I know it’s not mine to carry. I know it’s something my nephew will have to come to terms with on his own but I can’t help but be angry. And then I think, now I know how Carlos must have felt. How caught he must have felt between me and mom. How we fought. How he defended me to her and her to me.
“I know she’s hard, Vanessa, but she’s our mom.”
And that time ma swung on me when I was 33, he flipped out on her, screamed, “What’s wrong with you?” Mom didn’t know what to say. She spoke about it on the cruise. Said something came over her and she couldn’t stop herself, and she still feels terrible over it. It’s mom’s way of apologizing.
And now, now I’m the one navigating this precarious space between my family members. Between mom and my sister, who are so much alike it’s scary. How they hold grudges. How quick they are to snap at each other and cut each other off. How impatient they are with one another, and I wonder when I became different. I who was (and still am in so many way and scenarios) terribly impatient and quick to go off, am now the one telling them both to stop. I hush my mother. I raise my eyebrows when she whispers some shady shit to me about my sister, and tell her, “Mami, stop.” But, yes, I confess, though I try to be diplomatic and remain neutral, I lean to my mother’s side because, carajo, I’ve wanted a relationship with her for so long, I want to keep it. And I know I have to handle her with kid gloves sometimes. I know she’s angry with my sister for not forgiving my brother before he died. For not being around. For so many things. And I know that mom is leaning on me in a way she never has. And she’s sharing her life. Her stories…and maybe I’m being selfish. And maybe I’m being unfair, but what else am I supposed to do. How can I carry the weight of my family? How can I carry their pains? I know I’m not supposed to, but that’s what it feels like sometimes now that I’m the carrier of our stories. And so I hope to help the healing process by telling them and I’m figuring out what that means and what it requires as I go along. Poco a poco. Dia a dia. It’s the only thing I can do.

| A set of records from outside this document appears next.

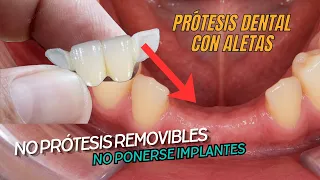 Prótesis dental maryland, diente con aletas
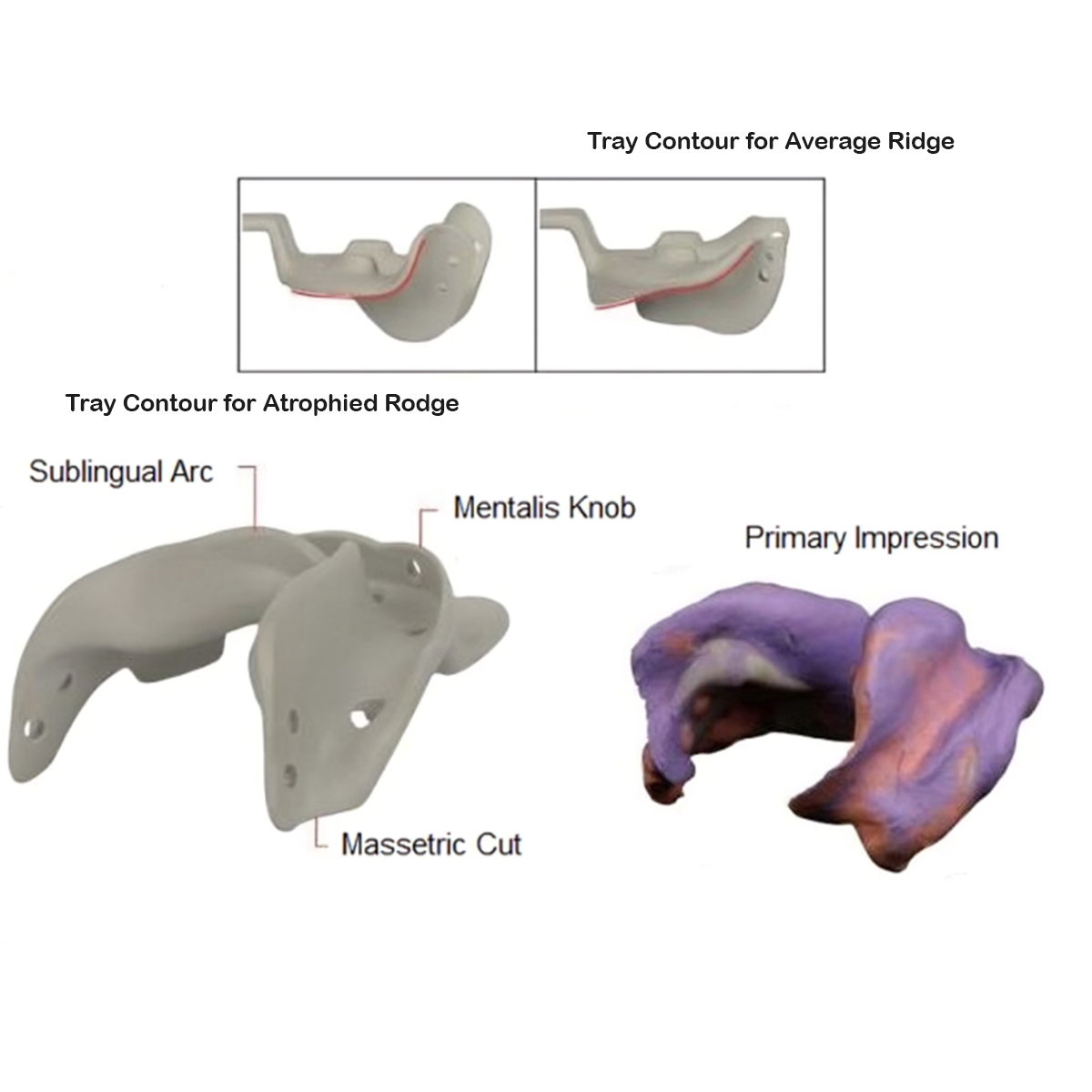 Delta Xtend Trays For Edentulous Impression Professional Set ( Set of 14)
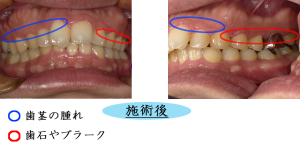 歯周病22
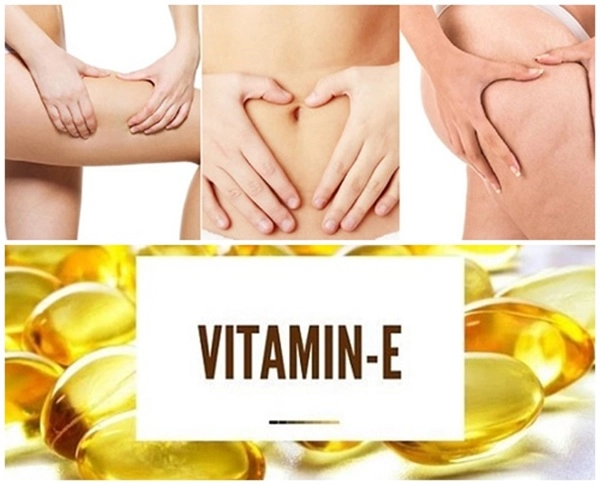 Trị rạn da sau sinh lâu năm hiệu quả nhanh nhất hiện nay - 4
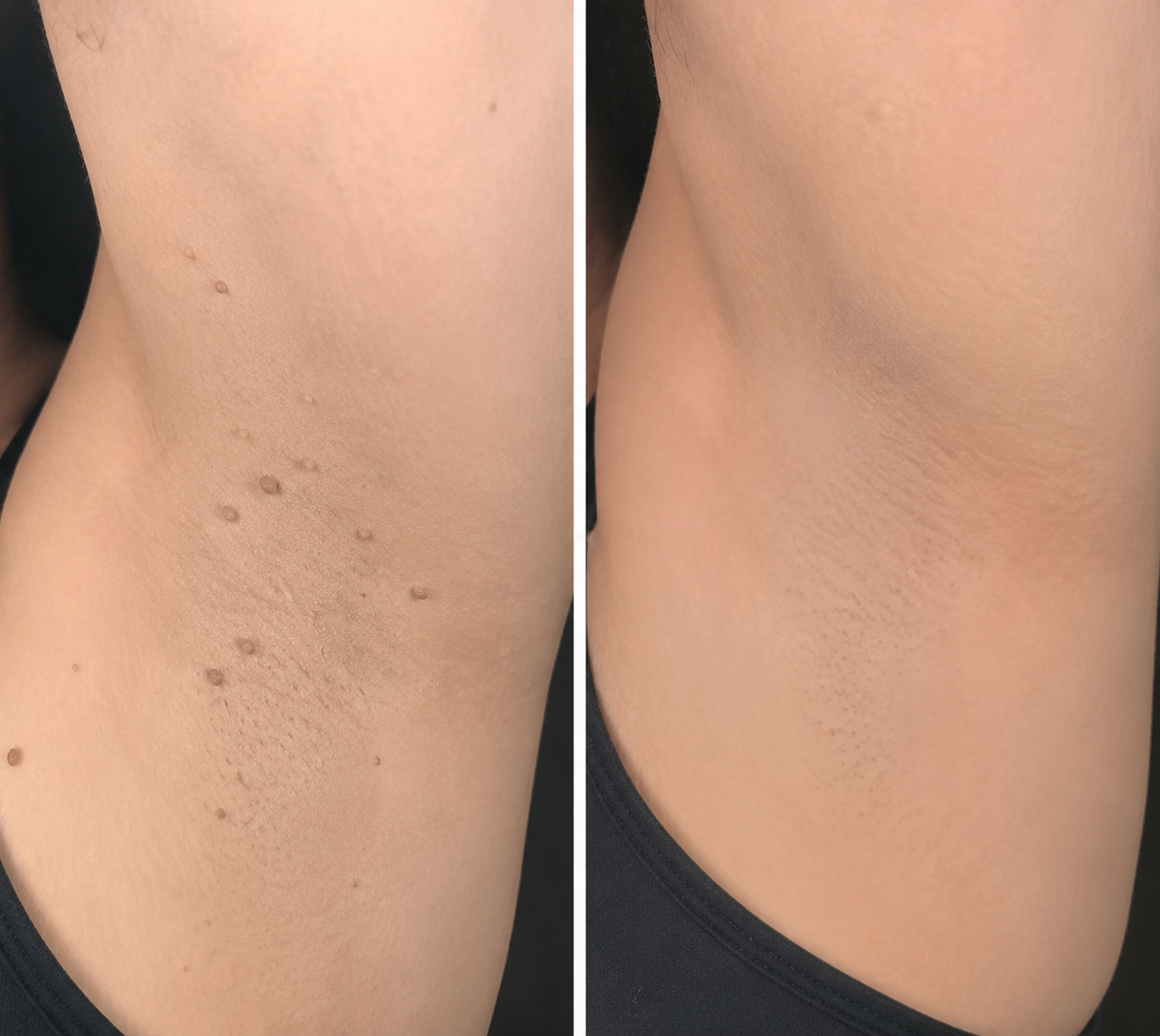 ✨Diufar®2-in-1 Microneedle & Hydrocolloid Patch🍀| Removes Raised Moles, Acne, Flat Warts & Skin Tags | Helps Improve Wrinkles, Scars & Blemishes | Invisible Patches for Face & Body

The memorial closed with the final stanza of the Honduran anthem:
En tu emblema, que un mar rumoroso
Con sus ondas bravias escuda,
De un volcán tras la cima desnuda
Hay un astr hay un astro de nítida luz.
In your emblem, which a rough sea
With its wild waves shields,
Behind the bare summit of a volcano,
There is a star of clean light.
These lines are so appropriate for all my brother endured and put himself through because he was in so much pain, because he didn’t feel worthy of love, because he felt so guilty and didn’t want to hurt us, his family, or burden us with his disease. His addiction. I thought about how I’d walked away from him. How angry I was at him for doing what he did, to us and to himself. How I didn’t want to enable him. How often I forgot that what he had was a disease and a disease needs to be treated. And I thought about how no matter how wrapped up he got in his drugs, he always found a way out, at least for a little while, he sought out love, he sought out his family, to remind him of his light, even when he couldn’t see it for himself.